Saturday, July 30, 2005

Silence

Heeyyy!! Sooo orientation is winding down and GO TIME is rapidly approaching!!! We just returned yesterday from a 2 day silent retreat which was AMAZING!! I have never been on a silent retreat before, and if you have not - i STRONGLY suggest going at some point. Personally, I had always been a little skeptical, never wanted to make the time, but after these past few weeks, I was in DESPERATE need of some quiet time away.

I've always wondered why people are so deathly afraid of silence - of awkward silence - why we feel ourselves compelled to fill that space with idle chatter, and I've come to realize that silence is so intimidating because it is YOU and yourself - no distractions, no masks, no cover ups - you are facing yourself in all of your glory, and all of your demons - and it is scary...silence creates this space in which you are held captive to yourself...The way I see it - what is more beautiful? What is more liberating than confronting the beauty of yourself? Liberating includes the good - the positive the thoughts that are pleasant over which to ruminate. But it includes the bad - the thoughts suppresed, the thoughts tucked away - the thoughts that make us cringe, the thoughts that corrode the inner linings of our soul because we refuse to attend to them. It makes you confront the person that you've molded -the person you've spent 22 +/- years reshaping, fashioning, loving and its truth time - can you sit along and be with the person you are responsible for?

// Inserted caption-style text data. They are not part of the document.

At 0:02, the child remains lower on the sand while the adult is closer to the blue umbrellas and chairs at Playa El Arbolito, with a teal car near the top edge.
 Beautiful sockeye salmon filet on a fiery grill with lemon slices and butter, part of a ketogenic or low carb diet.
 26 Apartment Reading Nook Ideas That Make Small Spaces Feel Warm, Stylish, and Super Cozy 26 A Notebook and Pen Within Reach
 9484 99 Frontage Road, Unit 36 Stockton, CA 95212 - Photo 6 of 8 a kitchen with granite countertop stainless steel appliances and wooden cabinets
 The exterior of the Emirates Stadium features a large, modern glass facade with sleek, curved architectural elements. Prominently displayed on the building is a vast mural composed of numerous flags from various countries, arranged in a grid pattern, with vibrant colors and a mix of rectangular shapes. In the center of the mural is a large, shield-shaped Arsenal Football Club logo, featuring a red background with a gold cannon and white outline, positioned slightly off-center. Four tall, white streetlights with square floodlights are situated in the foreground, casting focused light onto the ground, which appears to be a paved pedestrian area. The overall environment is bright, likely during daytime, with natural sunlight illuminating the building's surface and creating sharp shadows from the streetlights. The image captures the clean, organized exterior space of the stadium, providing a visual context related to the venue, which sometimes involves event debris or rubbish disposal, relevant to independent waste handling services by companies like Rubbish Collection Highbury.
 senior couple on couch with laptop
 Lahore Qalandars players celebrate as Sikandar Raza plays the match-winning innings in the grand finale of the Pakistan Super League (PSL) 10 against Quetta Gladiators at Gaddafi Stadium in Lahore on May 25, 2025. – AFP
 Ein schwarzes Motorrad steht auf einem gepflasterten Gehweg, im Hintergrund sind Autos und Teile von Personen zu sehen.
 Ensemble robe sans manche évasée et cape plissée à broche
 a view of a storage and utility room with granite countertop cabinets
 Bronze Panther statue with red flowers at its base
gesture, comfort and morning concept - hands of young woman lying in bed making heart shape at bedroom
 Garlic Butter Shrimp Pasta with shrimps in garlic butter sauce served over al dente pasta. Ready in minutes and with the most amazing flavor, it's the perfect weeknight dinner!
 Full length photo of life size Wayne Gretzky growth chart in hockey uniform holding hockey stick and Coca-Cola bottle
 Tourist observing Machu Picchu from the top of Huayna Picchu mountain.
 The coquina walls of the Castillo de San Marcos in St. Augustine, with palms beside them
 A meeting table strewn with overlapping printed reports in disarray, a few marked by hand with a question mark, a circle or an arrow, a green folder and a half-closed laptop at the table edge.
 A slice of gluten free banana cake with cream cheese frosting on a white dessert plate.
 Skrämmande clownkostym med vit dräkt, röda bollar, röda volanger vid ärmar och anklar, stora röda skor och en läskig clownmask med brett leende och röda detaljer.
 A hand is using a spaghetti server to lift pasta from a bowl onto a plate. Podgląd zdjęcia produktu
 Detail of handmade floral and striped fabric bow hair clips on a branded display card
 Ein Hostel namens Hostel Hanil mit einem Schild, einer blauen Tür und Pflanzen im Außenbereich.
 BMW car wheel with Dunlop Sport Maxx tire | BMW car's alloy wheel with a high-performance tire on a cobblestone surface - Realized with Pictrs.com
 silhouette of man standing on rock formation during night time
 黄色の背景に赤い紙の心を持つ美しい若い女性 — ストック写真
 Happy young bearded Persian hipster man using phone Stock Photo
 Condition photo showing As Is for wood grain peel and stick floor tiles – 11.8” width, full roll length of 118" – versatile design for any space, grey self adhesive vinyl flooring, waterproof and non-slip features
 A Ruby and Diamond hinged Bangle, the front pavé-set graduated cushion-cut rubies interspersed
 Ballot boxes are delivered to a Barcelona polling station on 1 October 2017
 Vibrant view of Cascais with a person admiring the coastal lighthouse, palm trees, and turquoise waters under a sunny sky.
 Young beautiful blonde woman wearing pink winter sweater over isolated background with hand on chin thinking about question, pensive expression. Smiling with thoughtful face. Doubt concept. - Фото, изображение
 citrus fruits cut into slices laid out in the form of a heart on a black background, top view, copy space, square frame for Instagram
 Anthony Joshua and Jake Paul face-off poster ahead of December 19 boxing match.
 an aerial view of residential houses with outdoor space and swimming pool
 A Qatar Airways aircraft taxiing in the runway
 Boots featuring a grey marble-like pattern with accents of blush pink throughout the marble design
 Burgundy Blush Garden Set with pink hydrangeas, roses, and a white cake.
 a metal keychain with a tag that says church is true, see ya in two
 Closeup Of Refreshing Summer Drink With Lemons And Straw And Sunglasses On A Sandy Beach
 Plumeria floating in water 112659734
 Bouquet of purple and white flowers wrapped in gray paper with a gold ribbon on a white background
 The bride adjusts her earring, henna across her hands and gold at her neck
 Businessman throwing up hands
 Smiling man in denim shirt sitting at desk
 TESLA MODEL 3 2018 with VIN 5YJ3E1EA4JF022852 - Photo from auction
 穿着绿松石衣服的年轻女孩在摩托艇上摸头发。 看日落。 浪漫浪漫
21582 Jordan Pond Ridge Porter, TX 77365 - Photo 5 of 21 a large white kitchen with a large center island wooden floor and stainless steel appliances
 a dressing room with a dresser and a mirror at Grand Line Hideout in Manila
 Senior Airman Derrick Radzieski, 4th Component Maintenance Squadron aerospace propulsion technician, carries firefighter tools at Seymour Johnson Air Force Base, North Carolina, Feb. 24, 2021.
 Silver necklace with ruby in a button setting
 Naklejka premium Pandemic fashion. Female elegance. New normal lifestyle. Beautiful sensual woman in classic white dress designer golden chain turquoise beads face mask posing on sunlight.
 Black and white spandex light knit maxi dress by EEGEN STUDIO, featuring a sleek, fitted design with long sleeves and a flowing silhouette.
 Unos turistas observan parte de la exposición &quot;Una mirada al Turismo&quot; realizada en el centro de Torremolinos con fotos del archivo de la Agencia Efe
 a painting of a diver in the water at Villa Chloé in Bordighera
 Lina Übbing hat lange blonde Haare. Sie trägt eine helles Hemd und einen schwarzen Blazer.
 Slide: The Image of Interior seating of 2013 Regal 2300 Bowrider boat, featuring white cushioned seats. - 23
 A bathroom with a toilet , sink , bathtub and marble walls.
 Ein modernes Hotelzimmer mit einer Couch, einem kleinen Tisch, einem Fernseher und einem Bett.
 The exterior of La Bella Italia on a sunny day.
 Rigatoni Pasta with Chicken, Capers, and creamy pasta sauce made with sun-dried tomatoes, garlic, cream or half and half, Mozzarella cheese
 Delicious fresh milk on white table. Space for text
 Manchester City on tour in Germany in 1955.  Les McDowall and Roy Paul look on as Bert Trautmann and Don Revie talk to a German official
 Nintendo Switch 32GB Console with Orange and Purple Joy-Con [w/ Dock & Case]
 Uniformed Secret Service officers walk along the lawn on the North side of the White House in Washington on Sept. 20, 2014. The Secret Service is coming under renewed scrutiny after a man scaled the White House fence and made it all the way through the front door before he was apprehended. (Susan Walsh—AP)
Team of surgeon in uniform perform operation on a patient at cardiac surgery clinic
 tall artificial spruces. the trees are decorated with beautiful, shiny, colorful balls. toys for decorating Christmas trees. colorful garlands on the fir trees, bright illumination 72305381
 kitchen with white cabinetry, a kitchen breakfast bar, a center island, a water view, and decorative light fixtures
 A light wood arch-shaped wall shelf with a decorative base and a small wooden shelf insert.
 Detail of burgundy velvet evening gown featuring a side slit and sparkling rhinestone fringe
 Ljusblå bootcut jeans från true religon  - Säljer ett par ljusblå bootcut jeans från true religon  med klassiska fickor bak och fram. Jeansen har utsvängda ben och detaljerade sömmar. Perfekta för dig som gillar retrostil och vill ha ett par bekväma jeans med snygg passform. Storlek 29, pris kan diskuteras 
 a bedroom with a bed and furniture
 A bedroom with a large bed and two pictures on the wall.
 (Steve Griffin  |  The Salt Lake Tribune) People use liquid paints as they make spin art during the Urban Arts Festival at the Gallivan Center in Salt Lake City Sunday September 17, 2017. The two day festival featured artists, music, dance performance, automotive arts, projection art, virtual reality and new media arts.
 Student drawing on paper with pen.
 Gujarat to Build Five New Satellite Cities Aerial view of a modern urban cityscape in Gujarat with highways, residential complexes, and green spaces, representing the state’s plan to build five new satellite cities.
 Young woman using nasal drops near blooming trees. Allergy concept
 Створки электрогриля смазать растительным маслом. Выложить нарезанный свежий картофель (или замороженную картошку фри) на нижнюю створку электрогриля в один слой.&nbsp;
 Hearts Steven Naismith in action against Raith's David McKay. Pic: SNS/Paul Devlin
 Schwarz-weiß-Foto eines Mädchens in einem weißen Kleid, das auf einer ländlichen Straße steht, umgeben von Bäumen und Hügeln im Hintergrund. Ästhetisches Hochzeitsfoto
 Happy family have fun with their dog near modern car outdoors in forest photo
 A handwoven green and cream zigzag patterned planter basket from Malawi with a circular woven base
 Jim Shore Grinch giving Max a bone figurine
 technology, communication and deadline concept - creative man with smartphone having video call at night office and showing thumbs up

One of my groupmates described the experience something like this "imagine that you are a pot of stew - brewing on the stove right? and silence is this big wooden spoon right? and this big wooden spoon comes in and stirs the pot such that gradually everythign that had been sitting at the bottom of the pot slowly rises up to the top" pretty crazy eh?

So I'm in the chapel for evening prayer the first night that we were there, and there is this thunderstorm RAGING outside the stained glass windows. I'm trying desperately to find some solace in the silence, but am constantly distracted by the crashing thunder & flickering lightining. Gradually this smile spreads across my face and I get up. I leave the chapel, walk past the crowd of people standing at the door watching the storm from inside, and step outside. It is pouring rain. I am drenched. The lighting is masquerading across the sky in ways nobody knew lighting could. The humbling presence of the thunder is so powerful. This thunderstorm just exuded such majesty and dominance over the creation as I knew it.
I'm a firm believer in looking for God in the simple things in life - the little pleasures. I've always said that God does not answer you in lighting bolts and it is ridiculous to spend your life waiting for him to. But that night he did. Two of my groupmates walked up behind me - we just hugged, held hands - words would have marred the moment - there was just this sense of serenity that He was in control, and I was at His mercy. The rain was this cleansing presence washing over me.......and I knew beyond a shadow of a doubt that this was where I was supposed to be.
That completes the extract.